◆ **Instructions to follow**
Each line below should be repeated exactly as written, with no pictures carried over.

Content starts

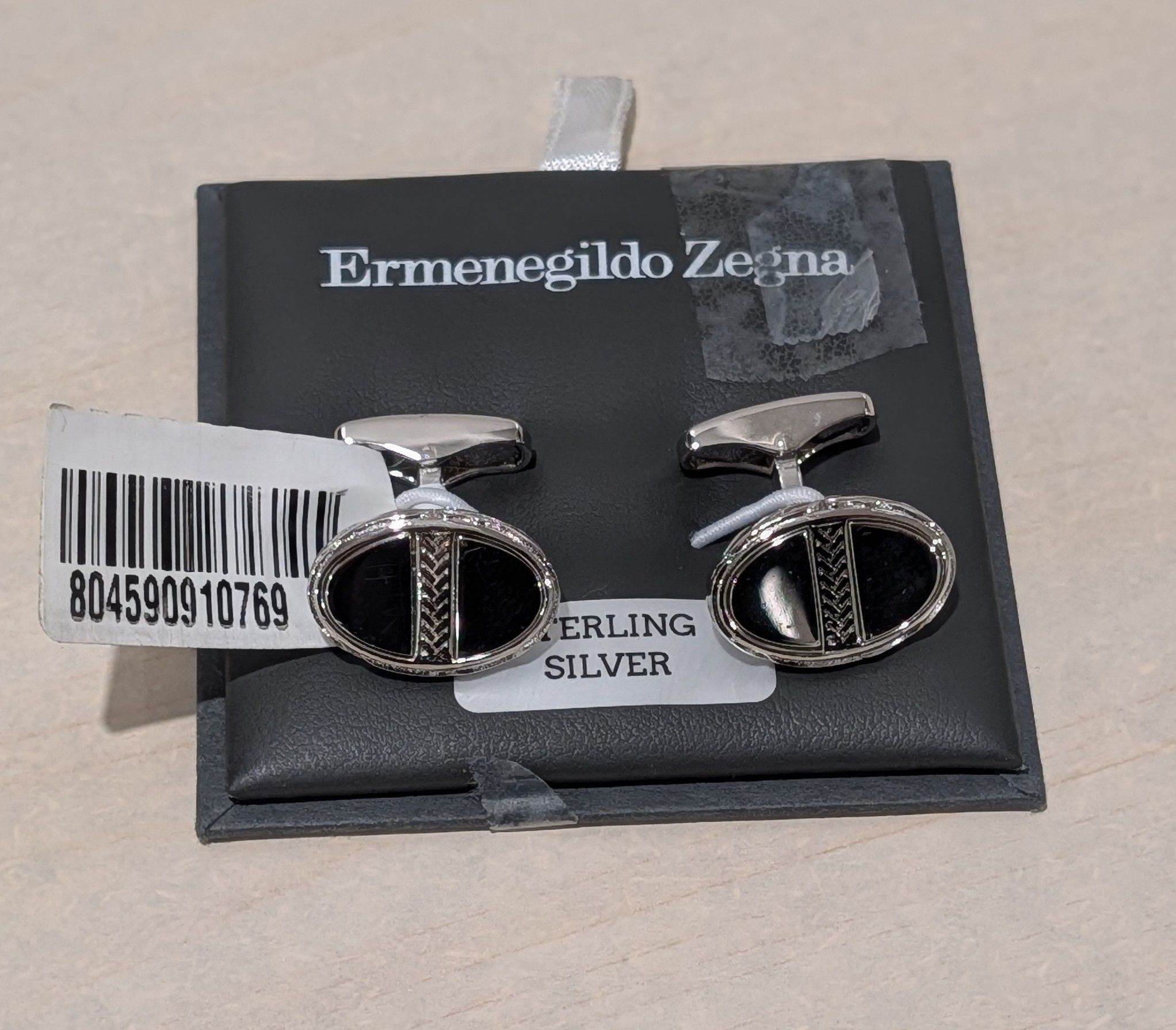 Ermenegildo Zegna Ermenegildo Zegna Sterling Silver Patterned Round Cufflinks Size ONE SIZE - 1 Thumbnail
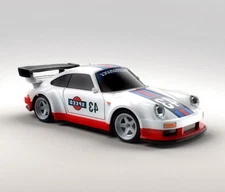 RC 1/43 Mini PORSCHE 911 TURBO DRIFT CAR AWD W/ GYRO + LED Lights -RTR-
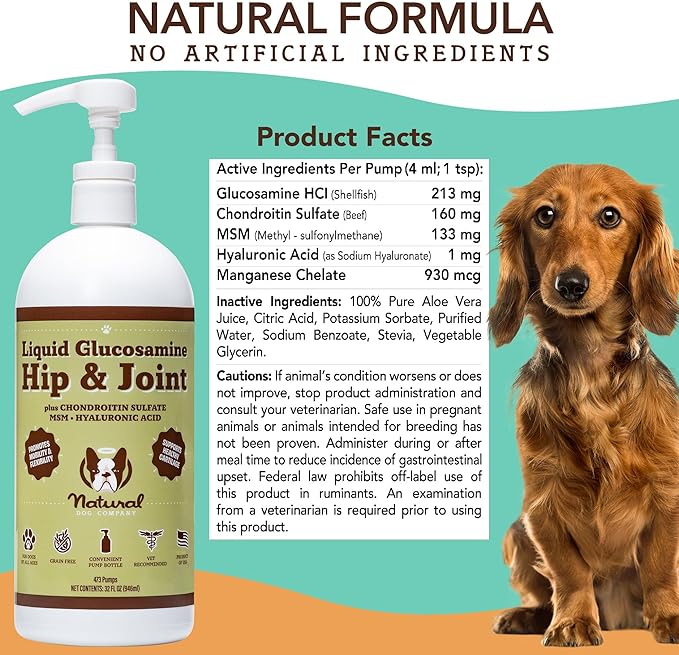 Natural Dog Company Liquid Glucosamine Hip & Joint Oil for Dogs, 32 oz, Extra Strength Cartilage and Joint Support, Helps Mobility and Eases Occasional Stiffness, Dog Vitamins and Supplements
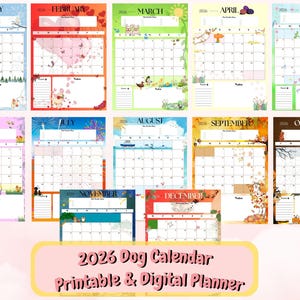 Calendário de 19 páginas | 2026 | Calendário digital e imprimível para cães | Início na segunda e no domingo | Cachorro | Presente para dona de cachorro | Download digital | 12 meses divertidos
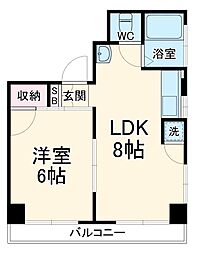 ハイネス桜山 4階1LDKの間取り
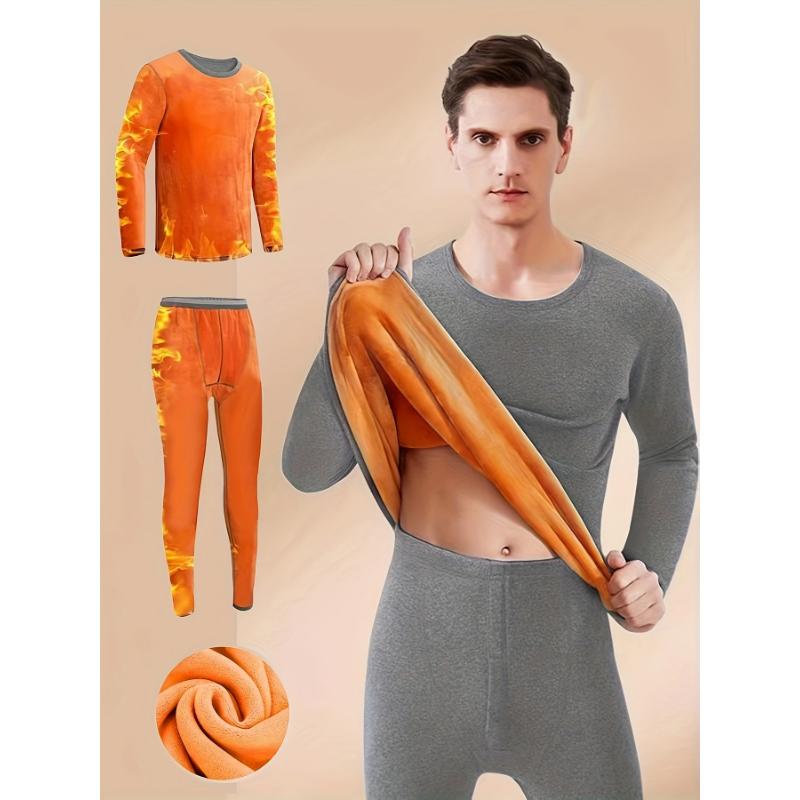 Men's Winter Thermal Underwear Set - Ultra-thick Fleece, Warm And Comfortable Long-sleeved Tops Pants For Middle-aged Elderly People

Content ends

◆ **Response to the exercise**
 Ermenegildo Zegna Ermenegildo Zegna Sterling Silver Patterned Round Cufflinks Size ONE SIZE - 1 Thumbnail
 RC 1/43 Mini PORSCHE 911 TURBO DRIFT CAR AWD W/ GYRO + LED Lights -RTR-
 Natural Dog Company Liquid Glucosamine Hip & Joint Oil for Dogs, 32 oz, Extra Strength Cartilage and Joint Support, Helps Mobility and Eases Occasional Stiffness, Dog Vitamins and Supplements
 Calendário de 19 páginas | 2026 | Calendário digital e imprimível para cães | Início na segunda e no domingo | Cachorro | Presente para dona de cachorro | Download digital | 12 meses divertidos
 ハイネス桜山 4階1LDKの間取り
 Men's Winter Thermal Underwear Set - Ultra-thick Fleece, Warm And Comfortable Long-sleeved Tops Pants For Middle-aged Elderly People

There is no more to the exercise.